Kernel space and user space is an important theoretical knowledge of the operating system, the user program runs in the user space, the kernel function module runs in the kernel space, the space is not mutual access, the kernel space and user space refers to its code and data storage memory space. The user-state program must use system calls to access the kernel space. When a user-space application enters kernel space through a system call, it involves a context switch. User space and kernel space have different address mappings, universal registers and special register groups and stack area, and the process of user space to pass many variables, parameters to the kernel, the kernel will also save the user process of some registers, variables, etc., so that the system call back to the user space to continue execution.

The so-called process context is the values that a process passes to the kernel, all the registers of the CPU, the state of the process, and the contents of the stack, as well as the running environment before the process enters the kernel state. Therefore, when switching to the kernel state, you need to save all the state of the current process, that is, the context of the current process, so that when the process is executed again, it can resume the state of the switchover and continue execution. Similarly, the hardware triggers the signal, causing the kernel to call the interrupt handler and enter the kernel space. In this process, some of the hardware variables and parameters are passed to the kernel, the kernel through these parameters for interrupt processing, the interrupt context can be understood as the hardware passed over these parameters and the kernel needs to save some of the environment (mainly the environment of the interrupted process).

When a process executes, the values in all registers of the CPU, the state of the process, and the contents of the stack are referred to as the context of the process. When the kernel needs to switch to another process, it needs to save all the state of the current process, that is, to save the context of the current process so that it can be executed when the process is executed again. In Linux, the current process context is stored in the task data structure of the process. In the event of an outage, the kernel executes the interrupt service routine under the kernel state in the context of the interrupted process. At the same time, all resources that need to be used are preserved so that the execution of the interrupted process can be resumed at the end of the relay service.

The context is simply an environment, relative to the process, that is the environment in which the process executes. An environment that interrupts execution, as opposed to interrupts.

The context of a process can be divided into three parts: User-level context, register context, and system-level contexts.

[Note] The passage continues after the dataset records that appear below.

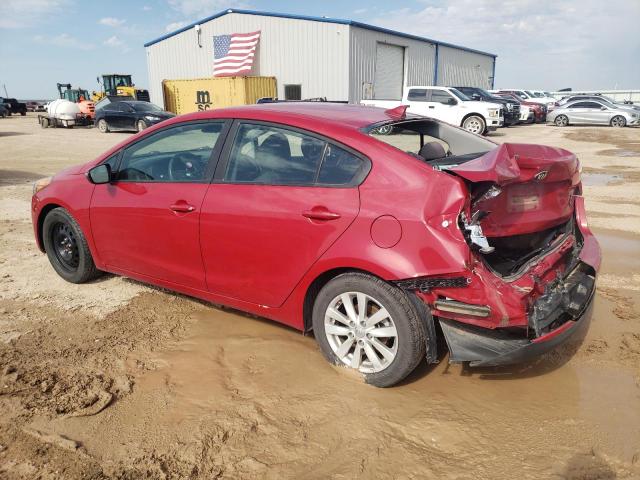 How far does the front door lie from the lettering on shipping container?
2590cm

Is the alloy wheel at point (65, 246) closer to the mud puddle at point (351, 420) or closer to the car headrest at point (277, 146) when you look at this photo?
the mud puddle at point (351, 420)

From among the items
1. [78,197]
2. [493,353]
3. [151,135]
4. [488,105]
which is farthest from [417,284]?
[488,105]

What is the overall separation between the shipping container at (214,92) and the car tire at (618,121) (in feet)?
58.6

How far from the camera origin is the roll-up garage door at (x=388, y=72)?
95.6ft

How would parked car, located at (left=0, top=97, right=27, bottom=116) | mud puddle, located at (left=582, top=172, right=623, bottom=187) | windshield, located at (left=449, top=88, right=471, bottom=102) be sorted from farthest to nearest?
1. parked car, located at (left=0, top=97, right=27, bottom=116)
2. windshield, located at (left=449, top=88, right=471, bottom=102)
3. mud puddle, located at (left=582, top=172, right=623, bottom=187)

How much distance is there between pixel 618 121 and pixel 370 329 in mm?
28183

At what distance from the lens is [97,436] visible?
259 centimetres

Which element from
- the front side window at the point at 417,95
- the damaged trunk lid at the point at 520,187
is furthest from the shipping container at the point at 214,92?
the damaged trunk lid at the point at 520,187

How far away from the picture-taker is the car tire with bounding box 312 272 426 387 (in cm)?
275

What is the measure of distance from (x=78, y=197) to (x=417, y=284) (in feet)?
9.88

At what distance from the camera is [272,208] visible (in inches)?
122

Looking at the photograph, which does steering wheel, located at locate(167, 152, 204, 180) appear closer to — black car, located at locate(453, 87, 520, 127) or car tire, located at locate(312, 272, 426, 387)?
car tire, located at locate(312, 272, 426, 387)

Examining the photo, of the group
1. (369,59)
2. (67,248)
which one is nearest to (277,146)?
(67,248)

(1) User-level context: body, data, user stack, and shared storage area;
(2) Register context: Universal Register, Program Register (IP), processor status register (eflags), stack pointer (ESP);
(3) System level context: Process Control block task_struct, memory management information (mm_struct, Vm_area_struct, PGD, Pte), kernel stack.

Process context switches are divided into process scheduling and system calls when the two switches, the consumption of resources, when a process scheduling, process switching is context switch. The operating system must switch all the information mentioned above before the newly scheduled process can run. The mode switching of system calls is much easier and time-saving compared to process switching, because the main task of mode switching is to switch the process register context. In the context of a process, you can either associate the current process with the existing macro, or you can sleep or call the scheduler.

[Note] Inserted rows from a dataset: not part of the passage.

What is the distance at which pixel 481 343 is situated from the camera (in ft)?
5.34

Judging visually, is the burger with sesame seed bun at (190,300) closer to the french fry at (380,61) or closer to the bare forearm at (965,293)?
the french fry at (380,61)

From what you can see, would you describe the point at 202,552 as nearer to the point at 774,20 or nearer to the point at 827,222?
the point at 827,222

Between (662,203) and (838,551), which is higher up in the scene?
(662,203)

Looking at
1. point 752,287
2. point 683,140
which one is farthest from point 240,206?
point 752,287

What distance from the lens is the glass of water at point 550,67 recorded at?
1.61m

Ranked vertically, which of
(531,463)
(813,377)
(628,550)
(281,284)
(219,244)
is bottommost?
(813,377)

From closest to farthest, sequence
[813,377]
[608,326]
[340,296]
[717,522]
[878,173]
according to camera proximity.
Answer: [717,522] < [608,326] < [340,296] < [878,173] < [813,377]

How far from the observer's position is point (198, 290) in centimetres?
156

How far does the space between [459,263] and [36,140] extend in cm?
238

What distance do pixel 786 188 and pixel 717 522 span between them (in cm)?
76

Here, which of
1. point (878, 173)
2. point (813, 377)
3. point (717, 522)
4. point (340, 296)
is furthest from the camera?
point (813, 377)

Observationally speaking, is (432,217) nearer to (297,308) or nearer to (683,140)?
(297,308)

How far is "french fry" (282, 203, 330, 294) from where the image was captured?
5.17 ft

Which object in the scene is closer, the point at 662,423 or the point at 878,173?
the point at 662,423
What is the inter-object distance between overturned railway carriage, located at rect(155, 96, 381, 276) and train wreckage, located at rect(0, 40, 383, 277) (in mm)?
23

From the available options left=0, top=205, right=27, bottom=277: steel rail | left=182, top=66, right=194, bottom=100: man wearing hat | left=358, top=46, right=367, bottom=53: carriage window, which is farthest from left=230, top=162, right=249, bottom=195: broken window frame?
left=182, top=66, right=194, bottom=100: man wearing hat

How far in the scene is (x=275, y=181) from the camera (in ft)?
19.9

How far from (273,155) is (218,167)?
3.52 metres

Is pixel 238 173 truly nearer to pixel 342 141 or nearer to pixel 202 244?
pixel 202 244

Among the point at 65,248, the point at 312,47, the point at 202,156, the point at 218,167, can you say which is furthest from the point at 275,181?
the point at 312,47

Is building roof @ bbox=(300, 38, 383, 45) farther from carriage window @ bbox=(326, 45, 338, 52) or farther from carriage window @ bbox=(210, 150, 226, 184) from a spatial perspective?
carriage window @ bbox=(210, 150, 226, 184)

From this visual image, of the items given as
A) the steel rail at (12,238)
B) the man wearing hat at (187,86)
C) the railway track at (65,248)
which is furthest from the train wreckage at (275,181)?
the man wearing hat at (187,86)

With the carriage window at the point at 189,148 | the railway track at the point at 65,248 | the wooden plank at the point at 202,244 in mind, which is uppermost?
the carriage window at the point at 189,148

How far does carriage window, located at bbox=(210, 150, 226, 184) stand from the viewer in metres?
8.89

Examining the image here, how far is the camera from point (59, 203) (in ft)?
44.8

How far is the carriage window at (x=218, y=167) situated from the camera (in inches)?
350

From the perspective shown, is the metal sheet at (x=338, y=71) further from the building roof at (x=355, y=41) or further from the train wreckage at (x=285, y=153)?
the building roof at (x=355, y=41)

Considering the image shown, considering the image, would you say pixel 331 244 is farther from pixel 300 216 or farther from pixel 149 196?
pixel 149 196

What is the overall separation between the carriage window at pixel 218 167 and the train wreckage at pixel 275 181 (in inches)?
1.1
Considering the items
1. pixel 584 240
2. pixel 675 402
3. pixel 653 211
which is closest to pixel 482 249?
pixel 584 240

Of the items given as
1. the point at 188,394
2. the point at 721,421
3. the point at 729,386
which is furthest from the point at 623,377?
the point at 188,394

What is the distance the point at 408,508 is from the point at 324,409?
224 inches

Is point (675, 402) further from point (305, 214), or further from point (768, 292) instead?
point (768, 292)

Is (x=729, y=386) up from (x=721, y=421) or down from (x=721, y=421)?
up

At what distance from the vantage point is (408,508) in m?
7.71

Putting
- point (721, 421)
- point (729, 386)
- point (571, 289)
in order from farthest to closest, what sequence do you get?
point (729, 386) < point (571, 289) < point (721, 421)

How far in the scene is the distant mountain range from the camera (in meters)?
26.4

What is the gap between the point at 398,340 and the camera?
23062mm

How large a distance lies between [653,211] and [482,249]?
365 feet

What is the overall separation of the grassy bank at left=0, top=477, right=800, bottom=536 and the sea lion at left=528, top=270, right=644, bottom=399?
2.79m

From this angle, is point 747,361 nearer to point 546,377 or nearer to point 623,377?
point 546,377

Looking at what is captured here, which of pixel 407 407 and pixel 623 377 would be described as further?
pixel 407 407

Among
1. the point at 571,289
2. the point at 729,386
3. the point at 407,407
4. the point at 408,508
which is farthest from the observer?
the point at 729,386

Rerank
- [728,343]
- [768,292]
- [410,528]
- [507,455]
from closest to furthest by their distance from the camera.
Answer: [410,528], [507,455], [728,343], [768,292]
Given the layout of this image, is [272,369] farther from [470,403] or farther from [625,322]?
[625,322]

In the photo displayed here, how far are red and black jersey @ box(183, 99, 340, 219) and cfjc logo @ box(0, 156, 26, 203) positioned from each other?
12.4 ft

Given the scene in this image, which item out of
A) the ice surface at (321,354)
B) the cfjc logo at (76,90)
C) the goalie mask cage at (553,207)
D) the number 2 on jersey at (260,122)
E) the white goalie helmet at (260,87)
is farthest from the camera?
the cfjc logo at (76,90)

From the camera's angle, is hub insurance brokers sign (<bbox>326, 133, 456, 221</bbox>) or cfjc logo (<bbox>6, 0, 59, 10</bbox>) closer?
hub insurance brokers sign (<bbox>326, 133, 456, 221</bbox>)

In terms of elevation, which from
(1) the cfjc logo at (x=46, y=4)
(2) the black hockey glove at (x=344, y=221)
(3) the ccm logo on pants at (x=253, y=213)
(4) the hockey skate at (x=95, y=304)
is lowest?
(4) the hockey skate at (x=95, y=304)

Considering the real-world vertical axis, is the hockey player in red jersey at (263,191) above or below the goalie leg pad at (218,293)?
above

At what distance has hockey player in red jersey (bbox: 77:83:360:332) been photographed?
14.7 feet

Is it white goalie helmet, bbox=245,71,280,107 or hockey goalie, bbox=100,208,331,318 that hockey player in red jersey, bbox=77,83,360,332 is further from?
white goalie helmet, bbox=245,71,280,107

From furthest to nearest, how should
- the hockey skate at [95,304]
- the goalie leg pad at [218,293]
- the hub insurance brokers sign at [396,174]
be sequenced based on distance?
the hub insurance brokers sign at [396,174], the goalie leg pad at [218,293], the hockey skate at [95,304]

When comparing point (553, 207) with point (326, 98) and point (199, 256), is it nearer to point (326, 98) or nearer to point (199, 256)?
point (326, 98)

The interrupt context does not support preemption, and kernel code running in the process context can be preempted (Linux2.6 support preemption), which is support for process scheduling. However, an interrupt context usually always occupies the CPU (although interrupts can be nested, but we do not generally) and cannot be interrupted. Because of this, the code running in the interrupt context is subject to some limitations and cannot do the following:

(1) Sleep or abandon the CPU.

The consequences of this are catastrophic, because the kernel shuts down the process schedule before it enters the interrupt, and once it sleeps or discards the CPU, the kernel cannot dispatch another process to execute, and the system will die.

(2) Try to get the semaphore, perform the spin lock

If you do not get the semaphore, the code will sleep and it will produce the same situation as above

(3) Perform time-consuming tasks

Interrupt processing should be as fast as possible, because the kernel responds to a large number of services and requests, and the interrupt context takes too long CPU time to severely affect system functionality.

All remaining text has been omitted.